Domaine d’intérêt possible : Faire progresser la participation des peuples autochtones

L’augmentation de la participation des peuples autochtones dans l’exploitation des ressources naturelles devrait être basée sur la coopération et le partenariat, alors que les gouvernements et l’industrie travaillent pour reconnaître et respecter leurs droits et leurs intérêts. Cela pourrait renforcer la confiance, engendrer des occasions pour les collectivités autochtones et faire progresser le processus de réconciliation.

Leur participation accrue favorisera également une industrie des minéraux et des métaux concurrentielle et durable. Par exemple, des entreprises peuvent profiter des connaissances traditionnelles et des sources d’information locales pour améliorer la conception des projets et offrir une plus grande certitude quant à l’accès aux terres. Un plus grand nombre d’entreprises autochtones peuvent fournir des biens et des services liés aux projets miniers ou effectuer elles-mêmes, ou en partenariat, les travaux d’exploration et d’exploitation. Leur contribution à la chaîne d’approvisionnement permet de développer des compétences dans le secteur et de générer des retombées avantageuses dans les collectivités autochtones. 

Les gouvernements collaborent avec les peuples autochtones pour améliorer le bien-être des collectivités et aider les individus à acquérir les compétences et la formation nécessaires pour participer à l’exploitation des minéraux. Cela comprend la diffusion d’information pour favoriser la sensibilisation et les connaissances en matière de minéraux afin d’aider les collectivités à prendre des décisions éclairées sur leur niveau de participation.

L’industrie joue également un rôle prépondérant. Par exemple, les ententes sur les répercussions et les avantages, de même que d’autres ententes, ont permis à certaines collectivités autochtones de réaliser des avantages tout en établissant des protocoles de mobilisation. Il s’agit de contrats spécifiques à des projets ou des collectivités qui définissent les obligations des différentes parties dans des secteurs comme la mobilisation, l’emploi, la formation, les occasions d’affaires, la gestion et la surveillance de l’environnement et les ententes de financement. Près de 500 ententes minières ont été signées entre l’industrie minière et les peuples autochtones au Canada depuis 1974, et plus de 350 l’ont été au cours de la dernière décennieNote de bas de page 1 .

Défis

Certains groupes et collectivités autochtones ont besoin d’aide pour acquérir les compétences afin d’examiner et d’évaluer les propositions d’exploitation des ressources, de participer à la prise de décisions et de représenter équitablement leurs intérêts. Cette « préparation de la collectivité » est également reliée aux personnes possédant les compétences et la formation pour être en mesure de profiter des occasions générées par les projets d’exploitation des minéraux, notamment des emplois, la création d’entreprises et autres retombées économiques.

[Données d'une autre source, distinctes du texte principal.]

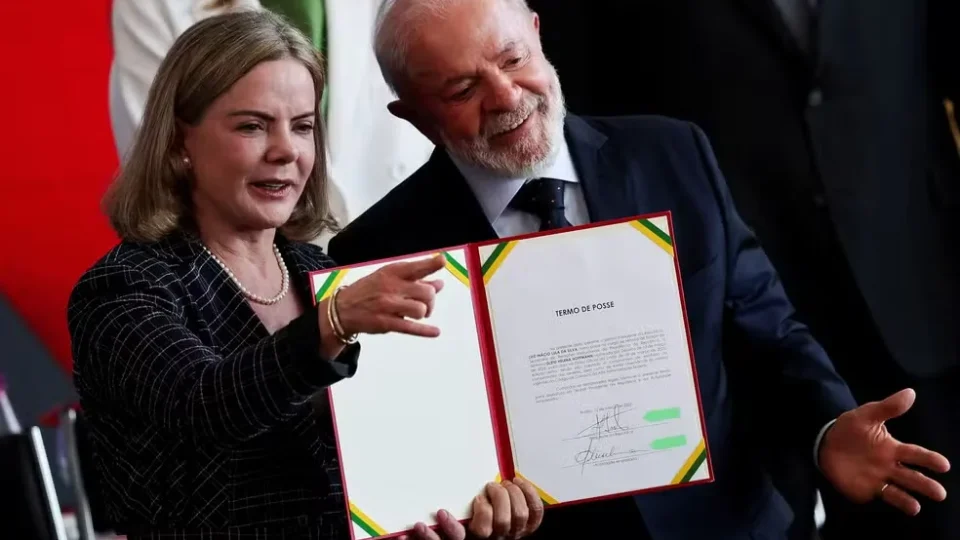 Gleisi acena a Congresso e Haddad na articulação política após histórico de embates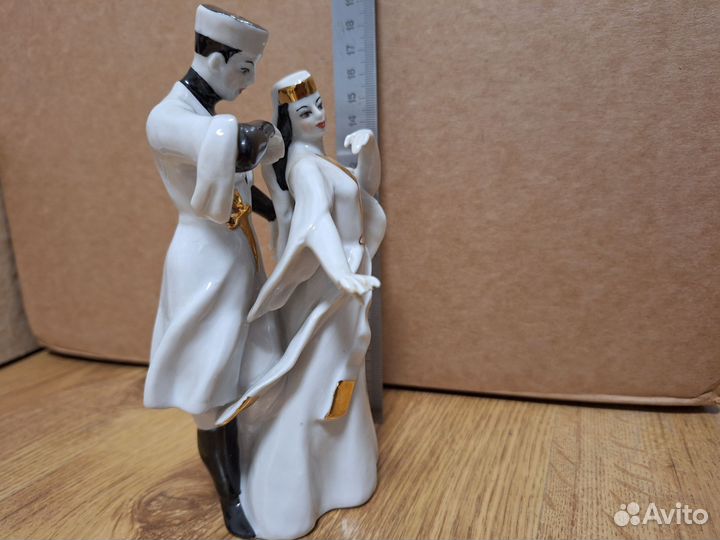 Лизгинка фарфор статуэтка СССР советская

Plusieurs approches sont utilisées par les instances canadiennes de partout au Canada pour solliciter la participation des collectivités autochtones. Il est important de comprendre les pratiques exemplaires et les inconvénients de chaque approche liée à la participation, au calendrier, à la structure de la mobilisation et à d’autres aspects.

Il existe plusieurs différences entre les instances gouvernementales quant au rôle de l’industrie au niveau de la consultation et l’accommodement des Autochtones dans les processus réglementaires, et ce, afin de veiller à ce que les obligations légales qui incombent à la Couronne soient respectées.

Cadre de mise en œuvre des droits ancestraux

Le gouvernement du Canada s’est engagé à transformer ses relations avec les peuples autochtones en s’appuyant sur la reconnaissance, le respect, la collaboration et le partenariat. Ce qui comprend la création d’un nouveau cadre de travail pour favoriser la reconnaissance et la mise en œuvre des droits ancestraux et redéfinir la relation entre le gouvernement du Canada et les peuples autochtones en s’inspirant de la Déclaration des Nations Unies sur les droits des peuples autochtones. Le nouveau cadre vise à apporter plus de clarté et de prévisibilité à la mise en valeur et à l’utilisation des terres et des ressources.

Le gouvernement fédéral, en collaboration avec les Premières Nations, les Inuits et les Métis, adoptera de nouvelles lois et politiques fédérales afin d’officialiser la reconnaissance des droits ancestraux, y compris le droit inhérent à l’autodétermination et à l’autonomie gouvernementale et aussi la mobilisation d’autres partenaires comme les gouvernements provinciaux et territoriaux, l’industrie, les universités et le grand public.

Le nouveau cadre devrait être présenté en 2018 et mis en œuvre d’ici le mois d’octobre 2019.

Points de discussion :

  • Comment pouvons-nous aider l’industrie à établir des relations et à promouvoir des projets avec des partenaires autochtones?
  • Comment pouvons-nous accroître la participation des peuples autochtones dans l’industrie?